However, after education minister Baron József Eötvös died in 1871, and in Andrassy became imperial foreign minister, Deak withdrew from active politics and Menyhért Lónyay became the Hungarian prime minister. He became steadily more allied with the Magyar gentry, and the notion of a Hungarian political nation increasingly became one of a Magyar nation. "[A]ny political or social movement which challenged the hegemonic position of the Magyar ruling classes was liable to be repressed or charged with 'treason'…, 'libel' or 'incitement of national hatred'. This was to be the fate of various Slovak, South Slav [e.g. Serb], Romanian and Ruthene cultural societies and nationalist parties from 1876 onward…" All of this only intensified after 1875, with the rise of Kálmán Tisza.
The political leaders of non-Hungarian ethnic groups claimed that the Kingdom of Hungary is a country of several nations, not only of Hungarians, and asked for recognition of their collective rights.
For a long time, number of non-Hungarians that lived in the Kingdom of Hungary was much larger than a number of ethnic Hungarians. According to the 1787 data, the population of the Kingdom of Hungary numbered 2,322,000 Hungarians (29%) and 5,681,000 non-Hungarians (71%). In 1809, the population numbered 3,000,000 Hungarians (30%) and 7,000,000 non-Hungarians (70%). As an increasingly intense Magyarization policy was implemented after 1867, the ethnic relations changed in favour of Hungarians: according to the 1900 census, number of Hungarian language speakers in the Kingdom was 8,500,000 (51%), while number of speakers of other languages was 8,100,000 (49%). In 1910 census, number of Hungarian speakers was 9,944,628 (54.4%), while number of speakers of other languages was 8,319,905 (45.6%).
Although in Slovak, Romanian and Serbian history writing administrative and often repressive Magyarization is usually singled out as the main factor accountable for the dramatic change in the ethnic composition of the Kingdom of Hungary in the 19th century, it should be noted that spontaneous assimilation was an important factor in some areas yet not prevailing in general. In this regard, it must be pointed out that large territories of central and southern Kingdom of Hungary lost their previous, predominantly Magyar population during the numerous wars fought by the Habsburg and Ottoman empires in the 16th and 17th centuries. These empty lands were repopulated, by administrative measures adopted by the Vienna Court especially during the 18th century, by Hungarians and Slovaks from the northern part of the Kingdom that avoided the devastation (see also Royal Hungary), Swabians, Serbs (Serbs were majority in most southern parts of the Pannonian Plain during Ottoman rule, i.e. before those Habsburg administrative measures), Croats and Romanians. The result of this migration was that on a large swath of land, roughly between Kecskemét and the southern border areas, various ethnic groups lived side by side (this ethnic heterogeneity is preserved until today in certain parts of Vojvodina, Bačka and Banat). After 1867, Hungarian became the lingua franca on this territory in the interaction between ethnic communities, and individuals who were born in mixed marriages between two non-Magyars often grew a full-fledged allegiance to the Hungarian nation. The best-known example is Sándor Petőfi, Hungarian national poet born from a Serbian-Slovak marriage which contradicts a bit the right wing nature of Magyarization. A non-German could have never been a a national poet in Nazi Germany. Of course Since Latin was the official language until 1842 and the country was directly governed from Vienna (which excluded any large-scale governmental assimilation policy from the Hungarian side before the Austro-Hungarian Compromise of 1867, the factor of spontaneous assimilation should be given due weight in any analysis relating to the demographic tendencies of the Kingdom of Hungary in the early 19th century, which however doesn't apply to the second part of the 19th century, when self-determination movements of minorities were repressed more vigorously.

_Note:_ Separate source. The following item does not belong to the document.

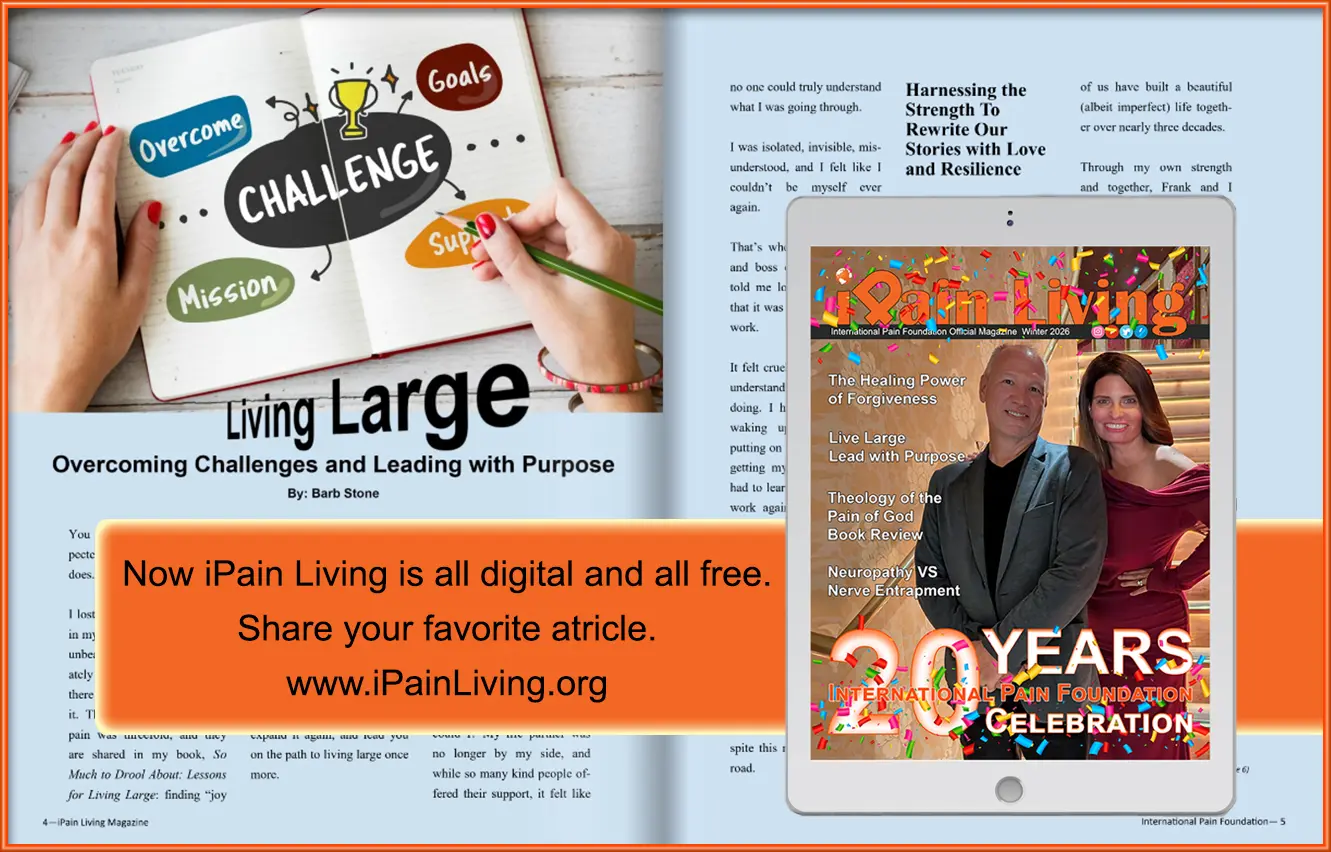 ipain living winter 2026 featuring barb stone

Although the policy of Magyarization was mainly pursued in the form of discrimination (see the sections below), the measures were backed by the state police and secret police and the government sometimes resorted to open violence. For example, many Slovak intellectuals and activists (such as Janko Kráľ) were imprisoned or even sentenced to death during the revolution in 1848. One of the incidents that shocked European public opinion was the Černová tragedy when 15 people were killed and 52 injured in 1907. An eye witness, who was 9 years old at the time, characterized shooters as "Hungarian armed gendarmes" and said that the underofficer Pereszlényi (who did not order the shooting itself) was Hungarian and did not speak Slovak. According to the same source, the unit was threatened and later attacked by the mob throwing stones at them, after Pereszlényi repeatedly ordered the coaches to advance through the mass of people.  The case being a proof for the violence of Magyarization is disputed, partly because the sergeant who ordered the shooting and all the shooters were ethnic Slovak and partly because of the controversial figure of Andrej Hlinka.This is a Austro-Hungarian bill from 1849, before the main period of Magyarization. Note the multilingual inscriptions. Later, all languages except German and Hungarian were removed from banknotes.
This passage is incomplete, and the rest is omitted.